> _TO DO_: Each record should appear again in the response exactly as it does in the original.

> _INFORMATION SHOWN_:
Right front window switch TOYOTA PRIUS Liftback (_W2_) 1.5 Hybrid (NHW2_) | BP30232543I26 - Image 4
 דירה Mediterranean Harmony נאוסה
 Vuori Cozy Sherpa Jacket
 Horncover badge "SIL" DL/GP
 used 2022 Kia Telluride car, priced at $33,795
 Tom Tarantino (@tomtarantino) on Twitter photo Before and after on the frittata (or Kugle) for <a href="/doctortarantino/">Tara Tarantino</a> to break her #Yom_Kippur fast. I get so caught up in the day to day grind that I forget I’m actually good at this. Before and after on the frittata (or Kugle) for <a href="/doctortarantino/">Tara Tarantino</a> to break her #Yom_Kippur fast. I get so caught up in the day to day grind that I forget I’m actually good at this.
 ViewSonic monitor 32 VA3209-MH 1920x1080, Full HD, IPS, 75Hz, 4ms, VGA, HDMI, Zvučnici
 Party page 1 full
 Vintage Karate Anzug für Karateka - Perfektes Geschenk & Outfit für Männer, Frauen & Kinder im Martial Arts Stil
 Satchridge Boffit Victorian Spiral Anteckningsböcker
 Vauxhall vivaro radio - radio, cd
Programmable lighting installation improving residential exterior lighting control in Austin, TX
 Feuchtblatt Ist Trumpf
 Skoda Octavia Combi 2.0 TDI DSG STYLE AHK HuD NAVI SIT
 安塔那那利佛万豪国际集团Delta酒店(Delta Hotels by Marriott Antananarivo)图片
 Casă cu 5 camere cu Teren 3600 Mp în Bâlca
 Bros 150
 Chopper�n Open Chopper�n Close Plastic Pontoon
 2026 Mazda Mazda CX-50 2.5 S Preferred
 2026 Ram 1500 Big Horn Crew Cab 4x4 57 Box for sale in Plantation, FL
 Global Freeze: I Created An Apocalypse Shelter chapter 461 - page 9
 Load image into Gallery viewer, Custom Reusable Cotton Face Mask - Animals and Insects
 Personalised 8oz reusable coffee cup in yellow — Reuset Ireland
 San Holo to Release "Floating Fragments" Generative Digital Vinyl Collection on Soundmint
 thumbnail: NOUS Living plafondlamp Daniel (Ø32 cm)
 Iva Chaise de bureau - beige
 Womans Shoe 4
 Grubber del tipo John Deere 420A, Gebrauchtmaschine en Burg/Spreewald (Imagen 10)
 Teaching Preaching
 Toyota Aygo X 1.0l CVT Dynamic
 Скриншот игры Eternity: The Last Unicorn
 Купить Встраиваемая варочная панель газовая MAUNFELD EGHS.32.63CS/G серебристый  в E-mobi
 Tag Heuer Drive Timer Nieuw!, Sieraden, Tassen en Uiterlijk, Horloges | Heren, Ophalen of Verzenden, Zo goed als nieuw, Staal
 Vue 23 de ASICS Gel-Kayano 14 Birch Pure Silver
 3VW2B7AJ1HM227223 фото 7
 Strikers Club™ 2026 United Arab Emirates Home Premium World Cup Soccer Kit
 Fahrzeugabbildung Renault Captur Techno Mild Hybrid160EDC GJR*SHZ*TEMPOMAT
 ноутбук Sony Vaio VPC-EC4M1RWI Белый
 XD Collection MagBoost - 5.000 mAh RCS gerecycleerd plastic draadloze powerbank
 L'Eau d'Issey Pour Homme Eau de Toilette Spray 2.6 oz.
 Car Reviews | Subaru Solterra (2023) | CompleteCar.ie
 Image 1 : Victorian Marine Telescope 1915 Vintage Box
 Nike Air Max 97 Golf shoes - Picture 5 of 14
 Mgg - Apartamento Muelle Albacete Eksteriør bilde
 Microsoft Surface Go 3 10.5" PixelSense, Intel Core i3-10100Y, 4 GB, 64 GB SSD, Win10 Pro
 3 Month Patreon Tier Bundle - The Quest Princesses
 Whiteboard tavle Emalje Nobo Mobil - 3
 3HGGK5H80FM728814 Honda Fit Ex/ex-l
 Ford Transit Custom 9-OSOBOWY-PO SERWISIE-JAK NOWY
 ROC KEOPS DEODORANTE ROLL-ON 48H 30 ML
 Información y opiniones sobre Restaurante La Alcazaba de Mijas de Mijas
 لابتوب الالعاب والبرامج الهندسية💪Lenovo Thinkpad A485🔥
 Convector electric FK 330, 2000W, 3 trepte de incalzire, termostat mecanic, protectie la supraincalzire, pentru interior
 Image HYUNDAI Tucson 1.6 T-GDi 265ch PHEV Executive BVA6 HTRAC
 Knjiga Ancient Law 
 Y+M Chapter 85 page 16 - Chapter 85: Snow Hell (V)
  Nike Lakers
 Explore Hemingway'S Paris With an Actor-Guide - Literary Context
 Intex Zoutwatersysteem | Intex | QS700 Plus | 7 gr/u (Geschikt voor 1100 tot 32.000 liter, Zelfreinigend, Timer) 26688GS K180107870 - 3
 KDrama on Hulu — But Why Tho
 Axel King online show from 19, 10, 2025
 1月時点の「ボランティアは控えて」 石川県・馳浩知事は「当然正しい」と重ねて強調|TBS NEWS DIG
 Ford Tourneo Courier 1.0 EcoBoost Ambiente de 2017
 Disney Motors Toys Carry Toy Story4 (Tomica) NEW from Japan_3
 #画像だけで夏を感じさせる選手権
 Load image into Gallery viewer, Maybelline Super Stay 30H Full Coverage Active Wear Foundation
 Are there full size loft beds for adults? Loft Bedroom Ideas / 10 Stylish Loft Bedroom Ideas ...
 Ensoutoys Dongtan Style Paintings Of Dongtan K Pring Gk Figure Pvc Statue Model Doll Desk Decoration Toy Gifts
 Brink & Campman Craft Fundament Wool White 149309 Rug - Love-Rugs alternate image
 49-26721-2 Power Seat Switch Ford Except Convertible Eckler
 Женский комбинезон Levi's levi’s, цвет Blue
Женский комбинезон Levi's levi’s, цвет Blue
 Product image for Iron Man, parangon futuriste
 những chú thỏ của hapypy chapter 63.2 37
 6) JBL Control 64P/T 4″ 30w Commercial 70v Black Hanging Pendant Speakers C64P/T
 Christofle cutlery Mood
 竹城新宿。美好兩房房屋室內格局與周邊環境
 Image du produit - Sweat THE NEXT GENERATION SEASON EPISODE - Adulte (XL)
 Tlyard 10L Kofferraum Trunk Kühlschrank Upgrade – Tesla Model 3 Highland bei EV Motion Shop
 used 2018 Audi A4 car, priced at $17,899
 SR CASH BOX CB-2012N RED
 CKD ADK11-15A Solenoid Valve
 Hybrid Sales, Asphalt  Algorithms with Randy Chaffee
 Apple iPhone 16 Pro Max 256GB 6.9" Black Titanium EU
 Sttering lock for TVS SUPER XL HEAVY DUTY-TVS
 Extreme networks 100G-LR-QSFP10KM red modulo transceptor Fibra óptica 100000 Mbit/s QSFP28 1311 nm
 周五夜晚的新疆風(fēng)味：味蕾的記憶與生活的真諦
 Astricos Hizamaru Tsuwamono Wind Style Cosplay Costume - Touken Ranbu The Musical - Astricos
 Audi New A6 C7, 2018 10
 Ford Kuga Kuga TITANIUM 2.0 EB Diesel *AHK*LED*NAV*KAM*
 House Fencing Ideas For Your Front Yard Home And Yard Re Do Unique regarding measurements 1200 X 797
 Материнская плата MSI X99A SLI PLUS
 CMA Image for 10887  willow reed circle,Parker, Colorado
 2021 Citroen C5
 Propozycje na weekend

> _RESPONSE AREA_:
Right front window switch TOYOTA PRIUS Liftback (_W2_) 1.5 Hybrid (NHW2_) | BP30232543I26 - Image 4
 דירה Mediterranean Harmony נאוסה
 Vuori Cozy Sherpa Jacket
 Horncover badge "SIL" DL/GP
 used 2022 Kia Telluride car, priced at $33,795
 Tom Tarantino (@tomtarantino) on Twitter photo Before and after on the frittata (or Kugle) for <a href="/doctortarantino/">Tara Tarantino</a> to break her #Yom_Kippur fast. I get so caught up in the day to day grind that I forget I’m actually good at this. Before and after on the frittata (or Kugle) for <a href="/doctortarantino/">Tara Tarantino</a> to break her #Yom_Kippur fast. I get so caught up in the day to day grind that I forget I’m actually good at this.
 ViewSonic monitor 32 VA3209-MH 1920x1080, Full HD, IPS, 75Hz, 4ms, VGA, HDMI, Zvučnici
 Party page 1 full
 Vintage Karate Anzug für Karateka - Perfektes Geschenk & Outfit für Männer, Frauen & Kinder im Martial Arts Stil
 Satchridge Boffit Victorian Spiral Anteckningsböcker
 Vauxhall vivaro radio - radio, cd
Programmable lighting installation improving residential exterior lighting control in Austin, TX
 Feuchtblatt Ist Trumpf
 Skoda Octavia Combi 2.0 TDI DSG STYLE AHK HuD NAVI SIT
 安塔那那利佛万豪国际集团Delta酒店(Delta Hotels by Marriott Antananarivo)图片
 Casă cu 5 camere cu Teren 3600 Mp în Bâlca
 Bros 150
 Chopper�n Open Chopper�n Close Plastic Pontoon
 2026 Mazda Mazda CX-50 2.5 S Preferred
 2026 Ram 1500 Big Horn Crew Cab 4x4 57 Box for sale in Plantation, FL
 Global Freeze: I Created An Apocalypse Shelter chapter 461 - page 9
 Load image into Gallery viewer, Custom Reusable Cotton Face Mask - Animals and Insects
 Personalised 8oz reusable coffee cup in yellow — Reuset Ireland
 San Holo to Release "Floating Fragments" Generative Digital Vinyl Collection on Soundmint
 thumbnail: NOUS Living plafondlamp Daniel (Ø32 cm)
 Iva Chaise de bureau - beige
 Womans Shoe 4
 Grubber del tipo John Deere 420A, Gebrauchtmaschine en Burg/Spreewald (Imagen 10)
 Teaching Preaching
 Toyota Aygo X 1.0l CVT Dynamic
 Скриншот игры Eternity: The Last Unicorn
 Купить Встраиваемая варочная панель газовая MAUNFELD EGHS.32.63CS/G серебристый  в E-mobi
 Tag Heuer Drive Timer Nieuw!, Sieraden, Tassen en Uiterlijk, Horloges | Heren, Ophalen of Verzenden, Zo goed als nieuw, Staal
 Vue 23 de ASICS Gel-Kayano 14 Birch Pure Silver
 3VW2B7AJ1HM227223 фото 7
 Strikers Club™ 2026 United Arab Emirates Home Premium World Cup Soccer Kit
 Fahrzeugabbildung Renault Captur Techno Mild Hybrid160EDC GJR*SHZ*TEMPOMAT
 ноутбук Sony Vaio VPC-EC4M1RWI Белый
 XD Collection MagBoost - 5.000 mAh RCS gerecycleerd plastic draadloze powerbank
 L'Eau d'Issey Pour Homme Eau de Toilette Spray 2.6 oz.
 Car Reviews | Subaru Solterra (2023) | CompleteCar.ie
 Image 1 : Victorian Marine Telescope 1915 Vintage Box
 Nike Air Max 97 Golf shoes - Picture 5 of 14
 Mgg - Apartamento Muelle Albacete Eksteriør bilde
 Microsoft Surface Go 3 10.5" PixelSense, Intel Core i3-10100Y, 4 GB, 64 GB SSD, Win10 Pro
 3 Month Patreon Tier Bundle - The Quest Princesses
 Whiteboard tavle Emalje Nobo Mobil - 3
 3HGGK5H80FM728814 Honda Fit Ex/ex-l
 Ford Transit Custom 9-OSOBOWY-PO SERWISIE-JAK NOWY
 ROC KEOPS DEODORANTE ROLL-ON 48H 30 ML
 Información y opiniones sobre Restaurante La Alcazaba de Mijas de Mijas
 لابتوب الالعاب والبرامج الهندسية💪Lenovo Thinkpad A485🔥
 Convector electric FK 330, 2000W, 3 trepte de incalzire, termostat mecanic, protectie la supraincalzire, pentru interior
 Image HYUNDAI Tucson 1.6 T-GDi 265ch PHEV Executive BVA6 HTRAC
 Knjiga Ancient Law 
 Y+M Chapter 85 page 16 - Chapter 85: Snow Hell (V)
  Nike Lakers
 Explore Hemingway'S Paris With an Actor-Guide - Literary Context
 Intex Zoutwatersysteem | Intex | QS700 Plus | 7 gr/u (Geschikt voor 1100 tot 32.000 liter, Zelfreinigend, Timer) 26688GS K180107870 - 3
 KDrama on Hulu — But Why Tho
 Axel King online show from 19, 10, 2025
 1月時点の「ボランティアは控えて」 石川県・馳浩知事は「当然正しい」と重ねて強調|TBS NEWS DIG
 Ford Tourneo Courier 1.0 EcoBoost Ambiente de 2017
 Disney Motors Toys Carry Toy Story4 (Tomica) NEW from Japan_3
 #画像だけで夏を感じさせる選手権
 Load image into Gallery viewer, Maybelline Super Stay 30H Full Coverage Active Wear Foundation
 Are there full size loft beds for adults? Loft Bedroom Ideas / 10 Stylish Loft Bedroom Ideas ...
 Ensoutoys Dongtan Style Paintings Of Dongtan K Pring Gk Figure Pvc Statue Model Doll Desk Decoration Toy Gifts
 Brink & Campman Craft Fundament Wool White 149309 Rug - Love-Rugs alternate image
 49-26721-2 Power Seat Switch Ford Except Convertible Eckler
 Женский комбинезон Levi's levi’s, цвет Blue
Женский комбинезон Levi's levi’s, цвет Blue
 Product image for Iron Man, parangon futuriste
 những chú thỏ của hapypy chapter 63.2 37
 6) JBL Control 64P/T 4″ 30w Commercial 70v Black Hanging Pendant Speakers C64P/T
 Christofle cutlery Mood
 竹城新宿。美好兩房房屋室內格局與周邊環境
 Image du produit - Sweat THE NEXT GENERATION SEASON EPISODE - Adulte (XL)
 Tlyard 10L Kofferraum Trunk Kühlschrank Upgrade – Tesla Model 3 Highland bei EV Motion Shop
 used 2018 Audi A4 car, priced at $17,899
 SR CASH BOX CB-2012N RED
 CKD ADK11-15A Solenoid Valve
 Hybrid Sales, Asphalt  Algorithms with Randy Chaffee
 Apple iPhone 16 Pro Max 256GB 6.9" Black Titanium EU
 Sttering lock for TVS SUPER XL HEAVY DUTY-TVS
 Extreme networks 100G-LR-QSFP10KM red modulo transceptor Fibra óptica 100000 Mbit/s QSFP28 1311 nm
 周五夜晚的新疆風(fēng)味：味蕾的記憶與生活的真諦
 Astricos Hizamaru Tsuwamono Wind Style Cosplay Costume - Touken Ranbu The Musical - Astricos
 Audi New A6 C7, 2018 10
 Ford Kuga Kuga TITANIUM 2.0 EB Diesel *AHK*LED*NAV*KAM*
 House Fencing Ideas For Your Front Yard Home And Yard Re Do Unique regarding measurements 1200 X 797
 Материнская плата MSI X99A SLI PLUS
 CMA Image for 10887  willow reed circle,Parker, Colorado
 2021 Citroen C5
 Propozycje na weekend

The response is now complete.